Where to start, though. Here’s an excellent idea. Identify your enterprise’s key goals and objectives. Identify the key processes in your organization. Determine if the goals for each of those processes are consistent (don’t say “aligned”) with the goals you’ve set for the enterprise.
Now — how do you know where you are in relation to the goals for each process? Are you measuring your progress? Are you measuring the correct events? Are you keeping timely, accurate, and complete records? Your internal audit will help you find out.
Back to your business processes. If they’re important (and every process is), they should be documented. Such a document is called a procedure.
Procedures are important for several reasons, but most of all because they are your training aids. When people have to learn for the first time how a process works, they need to be trained. You need procedures to ensure that everyone receives clear, consistent instruction.
An enterprise is made up of dozens, even hundreds of processes. These processes, while separate, are intertwined. The output of one process is the input of another – there is no such thing as a stand-alone process. Some processes may seem more important to the business than others but every process is important – even those ancillary, back-office, or whatever-you-call-them processes.
So, it isn’t easy to figure out where you start auditing. Which process do you audit first?
Start with a process that has an apparent flaw, or noncompliance. If it’s a key process (and complex, at that), it should take longer to audit than one that’s relatively minor.
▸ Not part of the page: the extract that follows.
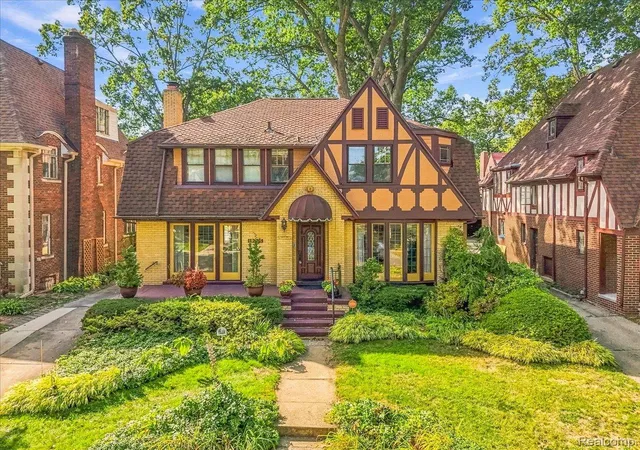 Photo 3 of Single family home for sale at 18265 Parkside St, Detroit, MI 48221 | MLS# 20261079776 | Listing updated on 2026-10-09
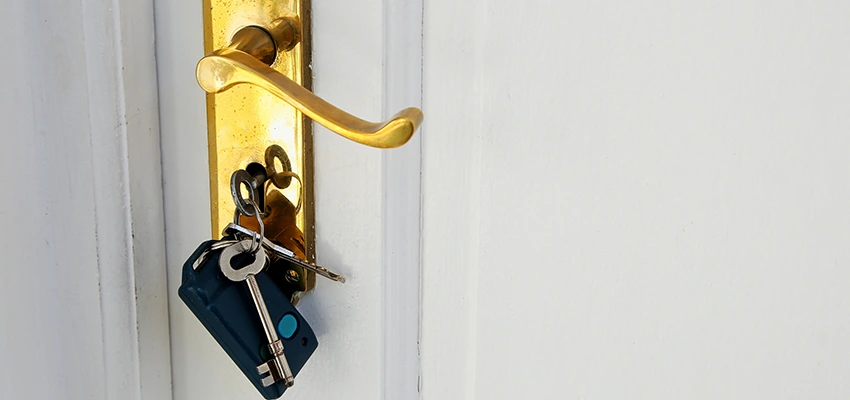 Broken Door Key Extraction in Bloomington, CA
On the other hand, a process you consider less than critical can, because of its limited scope, provide you with quicker results that you can act on readily. It’s up to you…it’s your internal audit.
Is the process, as it is documented, being followed consistently? Is the process producing the results it should in the way that it should? How do you know that?
Are process records being kept? Records are your evidence – they tell you how well a given process is working.
“What time does your watch say?”
“It doesn’t say anything. You have to look at it.”
(An ancient vaudeville routine)
The records you keep don’t say anything, either. You have to look at them. One thing you really want to get out of your internal audit is: Are the people involved in the process using the records they keep to (a) identify anomalies (outliers, or hiccups) or (b) spot trends?
To sum it up, here’s how to audit a process in four steps:
- Is the process documented?
- Is the process being performed as it’s been documented or are there inconsistencies in the way the procedure is implemented?
- Are process records being kept? and
- Are the records being used to improve the process?
One final note – your audit results are non-binding. If your internal audit turns up a major nonconformance, some minor nonconformances, or just a few observations (aka, “opportunities for improvement”), you aren’t obliged to take action. You can ignore them and move on…
…unless you really want to improve your business.